PanneauPocket, Facebook, le site mairie, les panneaux lumineux, l'application mobile, les SMS d'alerte : la liste des canaux de communication municipaux ne cesse de s'allonger. Chaque année, un nouveau support apparaît avec la promesse de toucher les habitants plus efficacement.
Pourtant, un canal existe depuis trente ans et surpasse tous les autres en termes de portée, de régularité et de coût au contact : l'email.
Les chiffres qui parlent
En France, l'email reste l'usage numérique le plus universel : la quasi-totalité des internautes disposent d'au moins une adresse, et près de neuf Français sur dix consultent leur messagerie au moins une fois par jour (Baromètre du numérique, ARCEP). C'est un usage ancré, stable dans le temps et largement partagé entre les générations.

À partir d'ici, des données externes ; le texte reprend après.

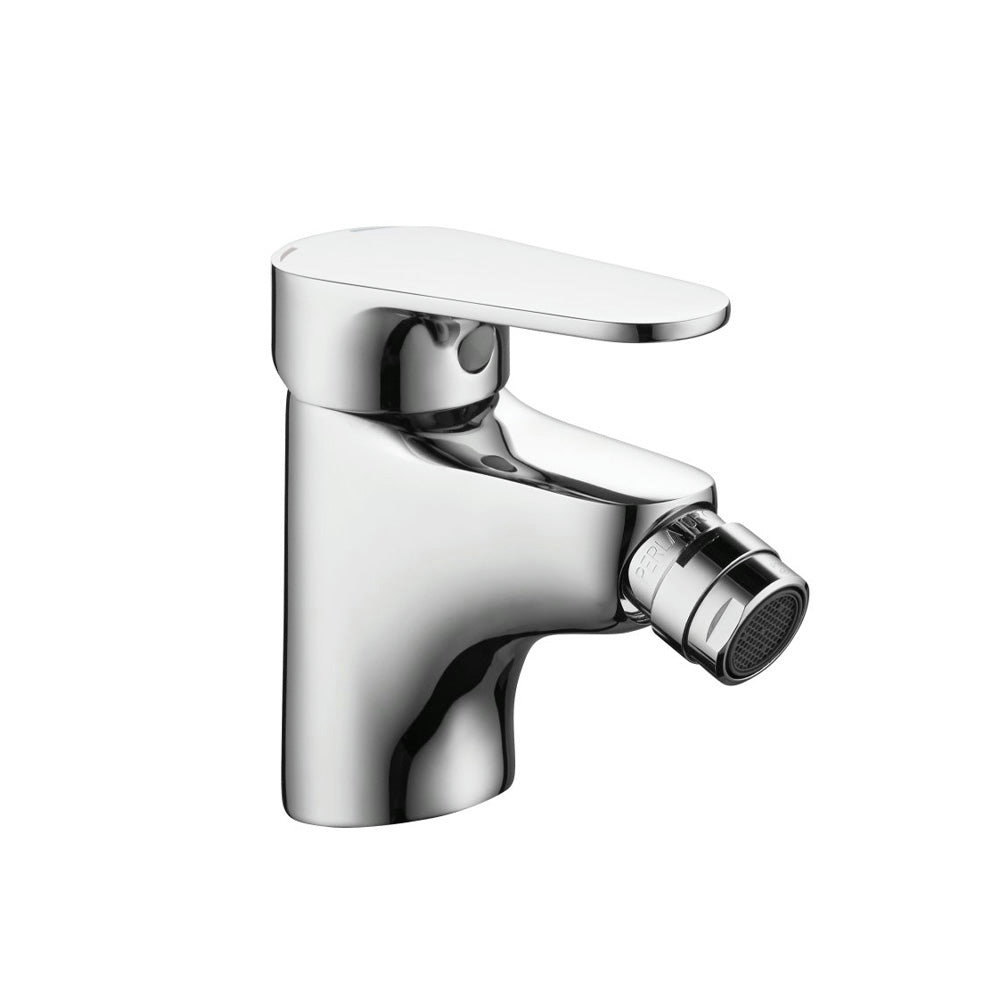 Herz Unitas INFINITY za bide 00503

À titre de comparaison, une application municipale ne touche qu'une partie des habitants dans les communes qui la proposent, et encore faut-il les convaincre de la télécharger. Les pages Facebook municipales touchent entre 3 et 8 % de la population communale par publication, en raison de l'algorithme qui filtre la visibilité des contenus organiques.

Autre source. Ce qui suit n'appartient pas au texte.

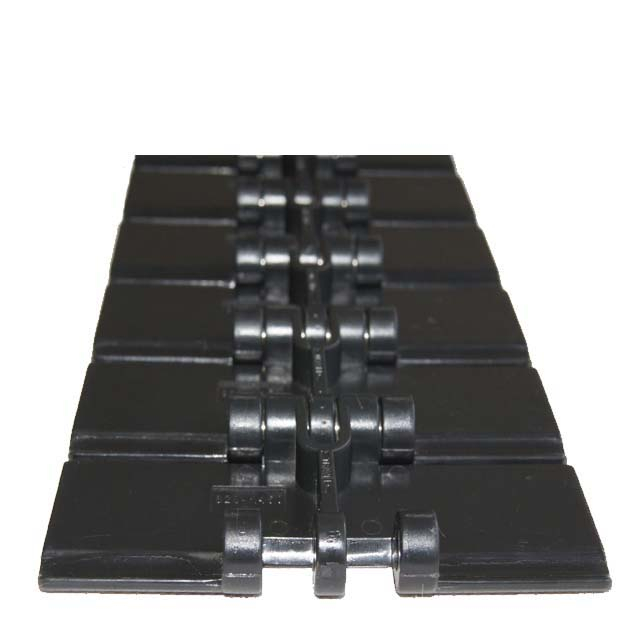 820 Anti-Static Single Hinge Chains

L'email n'a pas de filtre algorithmique
C'est la différence fondamentale avec les réseaux sociaux. Quand vous envoyez une newsletter par email, elle arrive dans la boîte de réception de chaque abonné. Il n'y a pas d'algorithme qui décide si le message sera affiché ou non. Le destinataire peut choisir de l'ouvrir ou non, et c'est la seule variable.

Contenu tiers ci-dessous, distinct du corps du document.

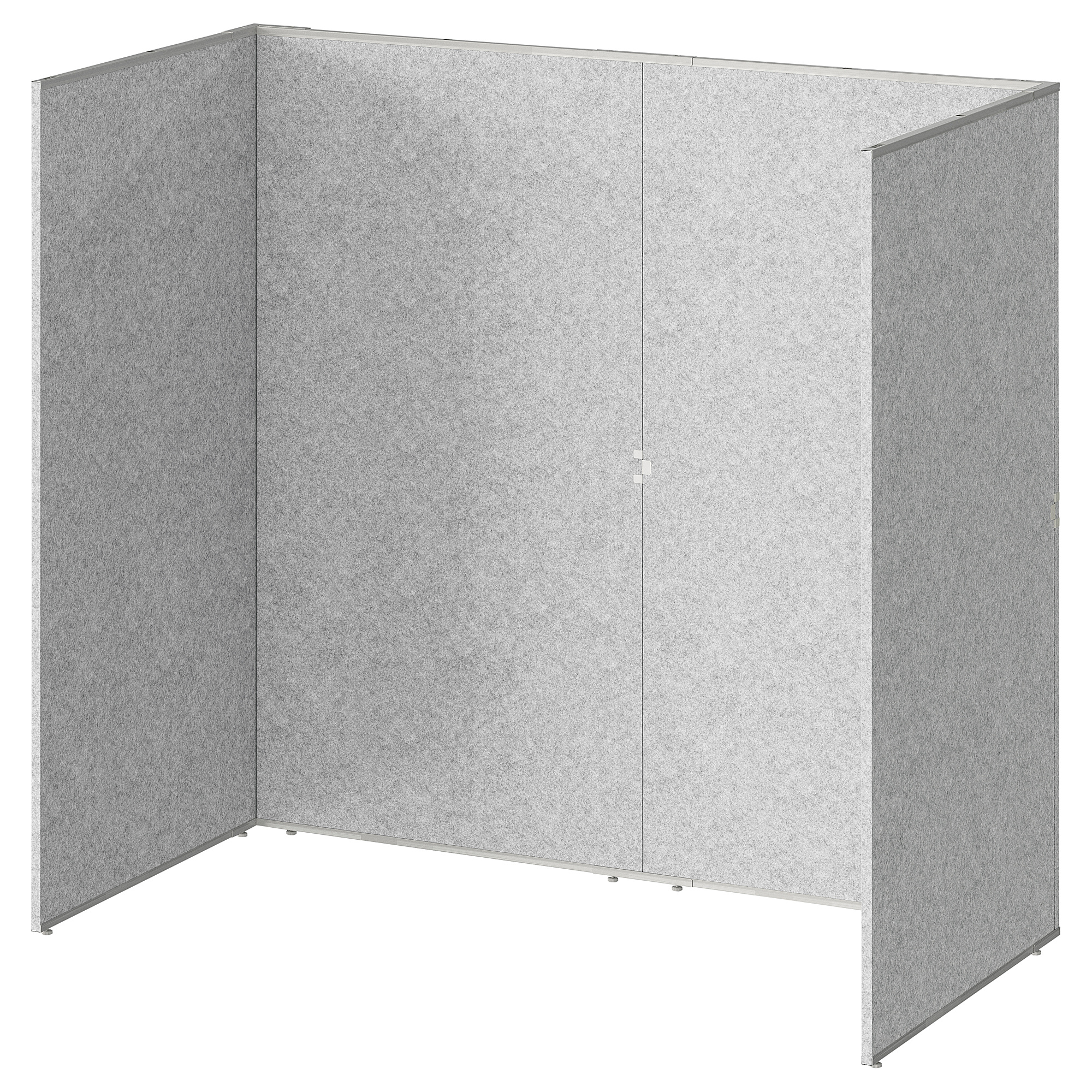 SIDORNA room divider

Les taux d'ouverture des newsletters municipales confirment cette efficacité. Selon le benchmark Brevo 2025, l'administration publique affiche un taux d'ouverture moyen de 38,79 %, nettement au-dessus de la moyenne tous secteurs (33,9 %) ; chez Mailchimp, la catégorie « Government » culmine à 40,55 % d'ouverture.
Un canal qui touche toutes les tranches d'âge
L'un des reproches fréquents faits au numérique est qu'il exclut les seniors. C'est vrai pour les applications mobiles et partiellement vrai pour les réseaux sociaux. Ce n'est pas le cas de l'email.
L'email est le premier usage numérique des Français de plus de 60 ans (étude Credoc 2024). Il est consulté sur ordinateur, sur tablette et sur smartphone. Il ne nécessite aucun téléchargement, aucun compte sur une plateforme tierce, aucune mise à jour.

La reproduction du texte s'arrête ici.